Hacker News new | ask | show | jobs
by std_throwaway 3261 days ago
Does this effect carry over to classifiers which were trained with different training data?
1 comments

I am unsure what you mean-- do you mean with different training sets but the same testing set?

It's an interesting question; maybe the reason for (some) of these adversarial vulnerabilities is due to a handful of bad training examples. You could formulate it as a search problem to see if there's particular images (or small groups of images) that are responsible for the adversarial vulnerabilities. This might then indicate that some of these perturbations are really just taking advantage of the fact that neural nets tend to "memorize" some of the data, so we're not really exploiting some deep structural feature so much as just feeding the echo of an input that the net has learned to automatically classify as, say, a computer/desk[0].

It would be a good project, but I don't have enough GPUs on hand to train scores of deep nets from scratch.

Assuming one were to bite the bullet, it might also be worth trying different data augmentation strategies. Most of the time, we try to eke out additional performance/robustness by using the same sets of transformations (translation, rotation, cropping, rescaling, etc.), but if the net is vulnerable to adversarial examples because of something in the training set, then you might just be making sure that adversarial vulnerability is present everywhere in the image and at multiple scales.

On a related note, there's an interesting paper about universal adversarial perturbations, i.e. those that can be added to any image and thereby induce a misclassification with high probability[1]. This effect holds even across different models, so the same perturbation can cause a misclassification in different architectures.

------

0. Neural nets learn by some combination of abstraction and memorization.

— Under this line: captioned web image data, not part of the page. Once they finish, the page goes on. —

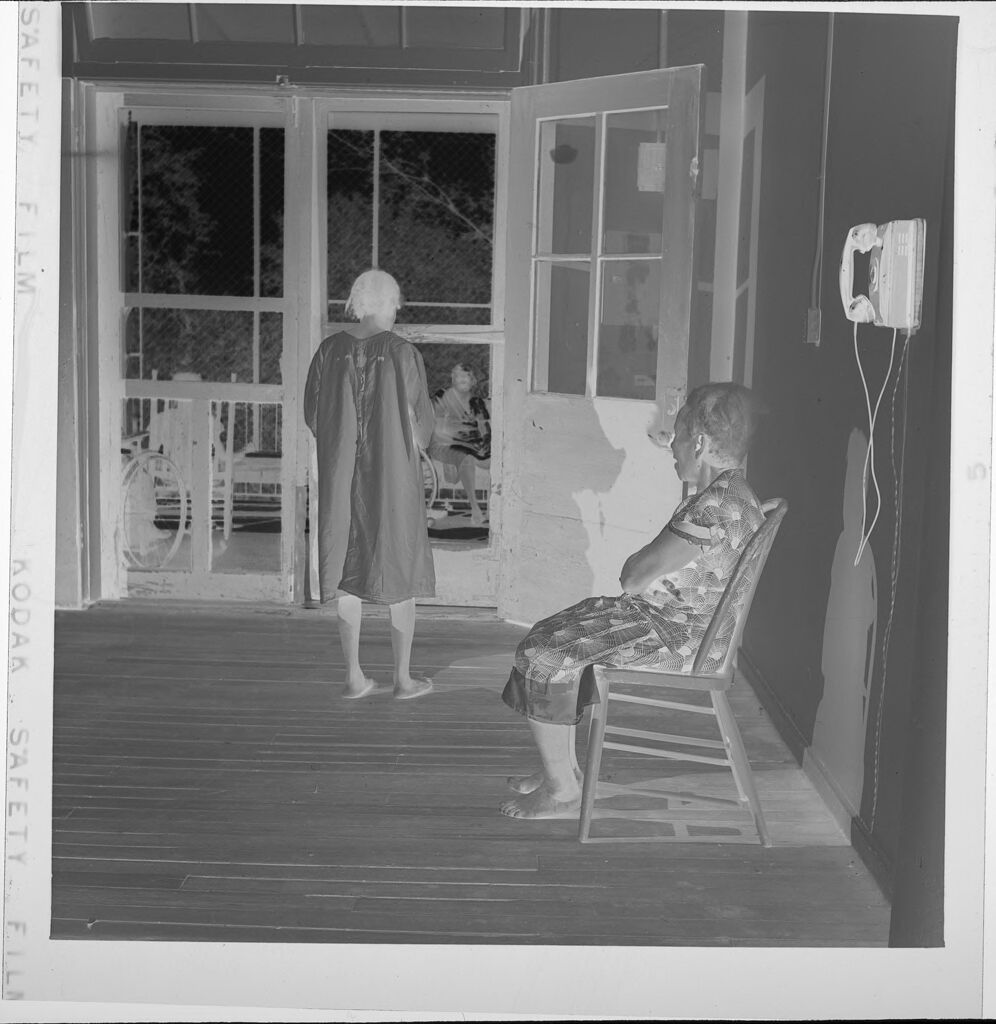 Untitled (Woman Sitting On Chair By Phone)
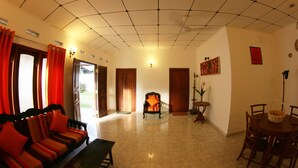 A spacious living area with a sofa, a dining table with chairs, and a chair with a cushion. - Summer Dew Villa (Unawatuna)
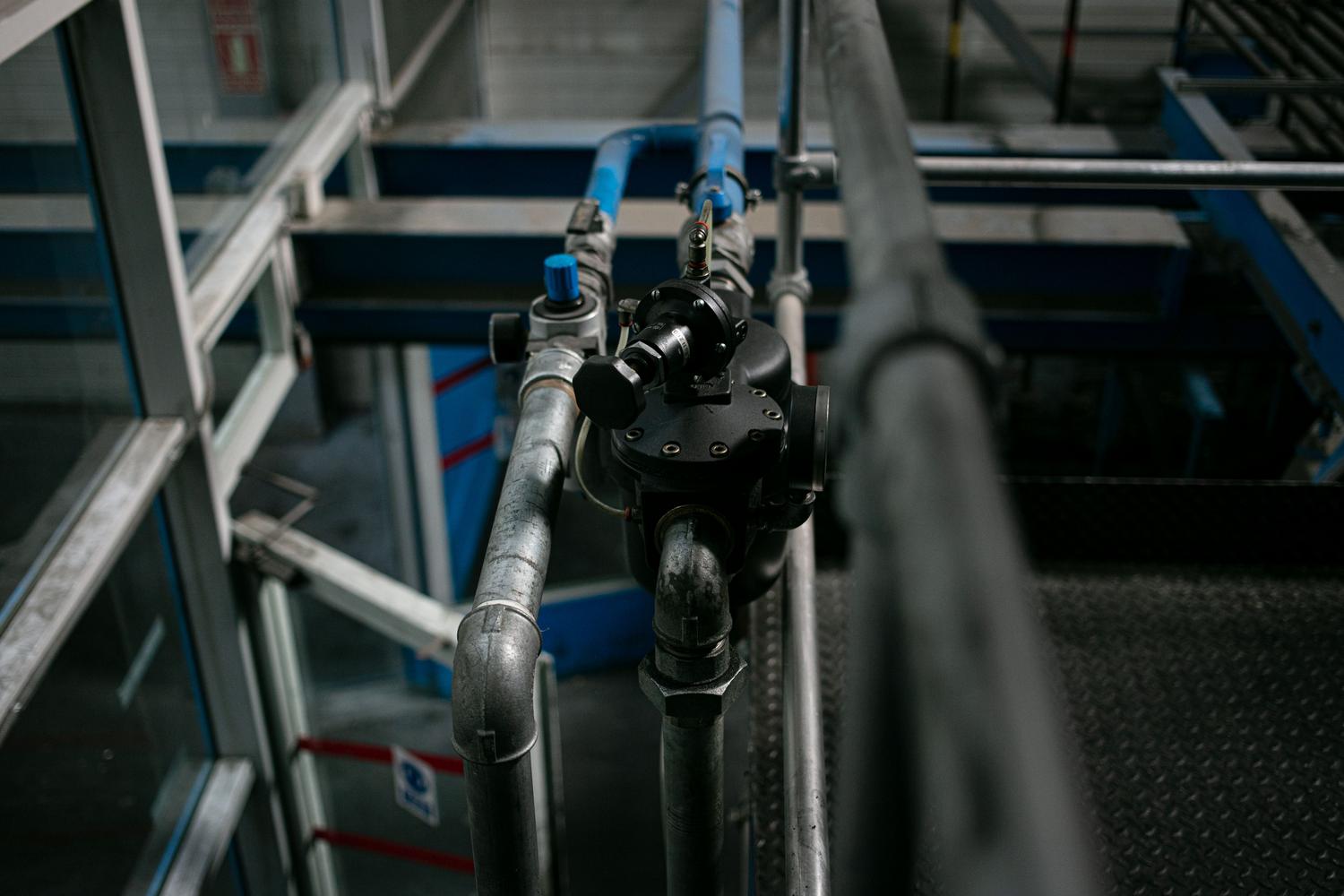 Detalle de un sistema de tuberías metálicas con válvulas en una instalación industrial.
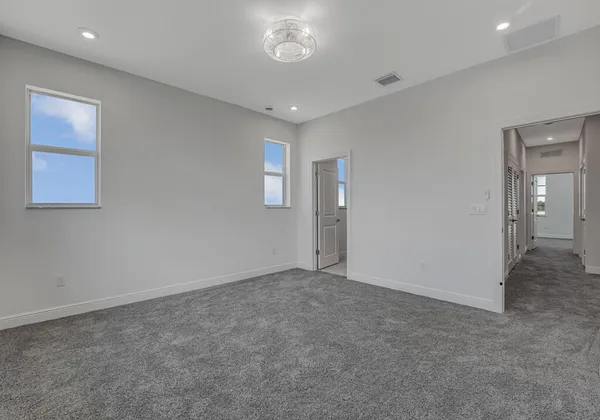 a view of an empty room and a window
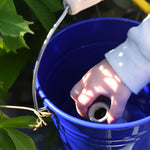 A close up of a child's hand placing a seedbom container into Glückskäfer Blue Metal Bucket.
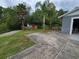 A wide concrete driveway beside a home with a garage and a shed in the grassy backyard at 820 Crenshaw Lake Rd, Lutz, FL 33548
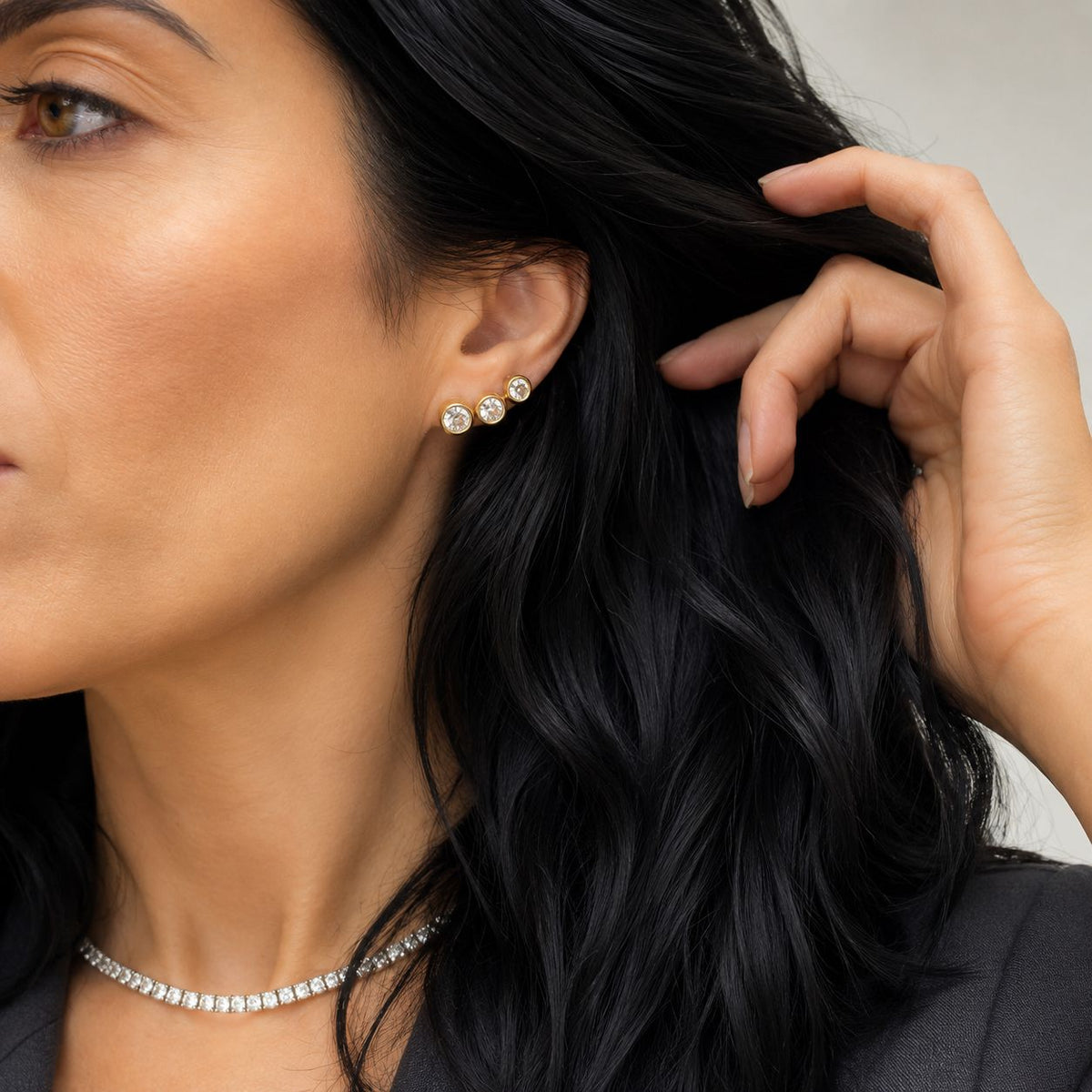 The Maggiore Studs in three sizes worn together on the ear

If, for some reason, many members of a particular class are hard to generalize, then it's possible that they instead learn to identify some particular aspects of those classes (that are not usually present in other images) and have a disproportionate response when those features are present. If such features are not obvious to human visual inspection, then we get misclassifications without insight into why they were misclassified.

1. https://arxiv.org/pdf/1610.08401.pdf

> I am unsure what you mean-- do you mean with different training sets but the same testing set?

Yes, assuming we have 10000 different training images. Divide these into 5 sets of 2000 each and train 5 networks with them. Assuming that 2000 images are plenty for this application, we will have 5 well trained networks that have similar performance for a test set.

BUT

They will work slightly differently internally and those "inverse gradient search" methods (or what they are called) might only be able to manipulate an image for one network at the time with "specifically chosen additive noise" while the other 4 are unimpressed.

That's assuming that the manipulation can't be targeted at all 5 classifiers at the same time.